McHenry man sentenced to 40 years in prison for killing his wife

Anthony Harrison, 33, formerly of McHenry.
Anthony Harrison, 33, formerly of McHenry.

Convicted murderer Anthony Harrison sat with a flat, unchanging expression Friday as he received a 40-year prison sentence for killing his wife and hiding her body in the basement.

McHenry County Judge James Cowlin found Harrison, 33, guilty of stabbing 30-year-old Laura Harrison in 2016 at their McHenry home. The verdict was announced in September, after a bench trial that began Aug. 13.

Laura Harrison’s family filled the courtroom Friday as, one by one, they they took turns describing her as a “sweet, loving, compassionate” person with a shy, but contagious laugh. Seven relatives read their statements aloud to the judge, and asked Cowlin to issue the maximum prison sentence.

Anthony Harrison’s attorneys previously asked the judge to consider second-degree murder as an alternate verdict to first-degree murder. Assistant Public Defender Grant Tucker recommended a 20-year prison sentence at a facility that could address Anthony Harrison’s mental illnesses, including depression. Anthony Harrison was raised in foster care, and endured physical and sexual abuse throughout his childhood, Tucker said.

“I believe that every human being has the capacity to change and mental health treatment has the capacity to change people,” Tucker said.

Laura Harrison came from a large family and belonged to one of two sets of triplets. Her father, Robert Yunger, was grief-stricken as he struggled to read his letter to the judge.

“This is a wound for each of us that time will never heal,” he said. “A void so deep our hearts will never recover.”

Prosecutors have said Anthony Harrison stabbed Laura Harrison multiple times sometime between 6 and 10 p.m. June 4, 2016. Laura Harrison had planned on leaving her husband, and called McHenry police only hours before her death to ask about having him removed from their home. Police told told her it likely would take a physical act of violence for them to order him off the property.

After the attack, Anthony Harrison buried his wife’s body under a pile of firewood, prosecutors said. He waited two days before calling the police and reporting that he killed his wife and had tried to take his own life. In those two days, Anthony Harrison bought cleaning supplies and fire-starters and dug a hole in the yard, prosecutors said.

In addition to telling the 911 dispatcher that he killed his wife, Anthony Harrison also wrote the admission in a letter intercepted by jail personnel, and used a Sharpie marker to write “I did this” on the wall in the basement where her body was found, prosecutors said.

“... He turned a marital home into a complete and utter house of horrors,” Assistant State’s Attorney Robert Zalud said.

At the time of Laura Harrison’s death, Anthony Harrison was faced with a misdemeanor domestic battery charge stemming from a 2015 altercation.

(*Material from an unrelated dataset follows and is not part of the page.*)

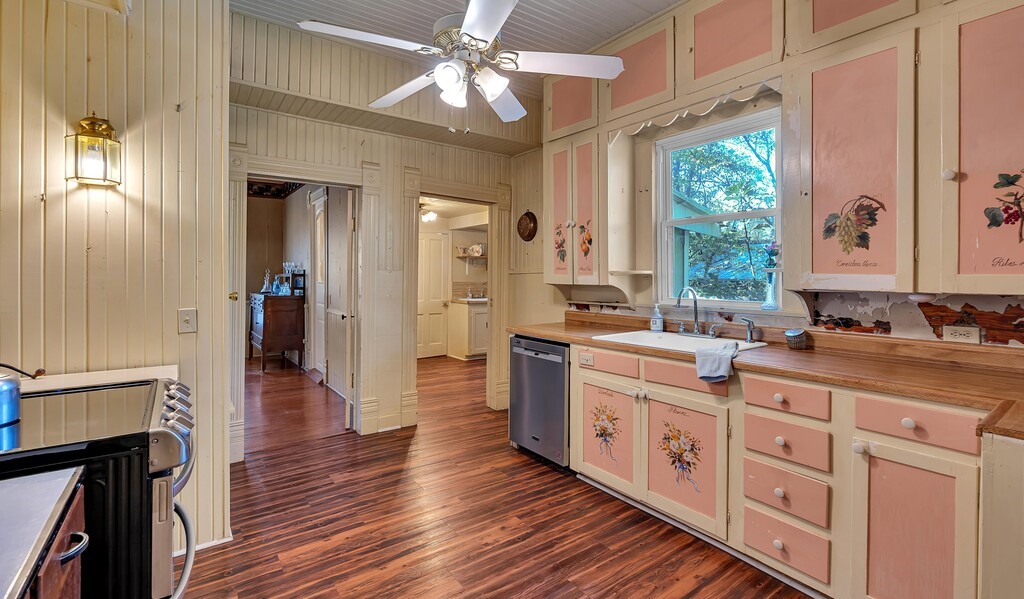 515 Hackberry Street Clifton TX 76634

When it came time for Anthony Harrison to speak Friday, he pulled a folded piece of paper out of his orange jail uniform, but didn’t read from it.

Instead, he spoke off the cuff about what he called “unspeakable and unthinkable” acts that took place the night Laura Harrison died.

“To say that this is a traumatizing situation is an understatement,” he said. “Saying this is a nightmare is an understatement.”

Harrison went on to talk about attempting suicide after the murder, noting that ultimately, he didn’t feel he deserved to “die or suffer.”

One of Laura’s sisters, Abigail Houillon said she told Anthony Harrison she didn’t want him to suffer, rather she wanted him to understand the amount of grief his actions caused.

“I don’t care to wish you torment,” Houillon said. “I just want you to understand our pain. ... And although that is my wish, I don’t think you loved Laura enough to truly feel her absence.”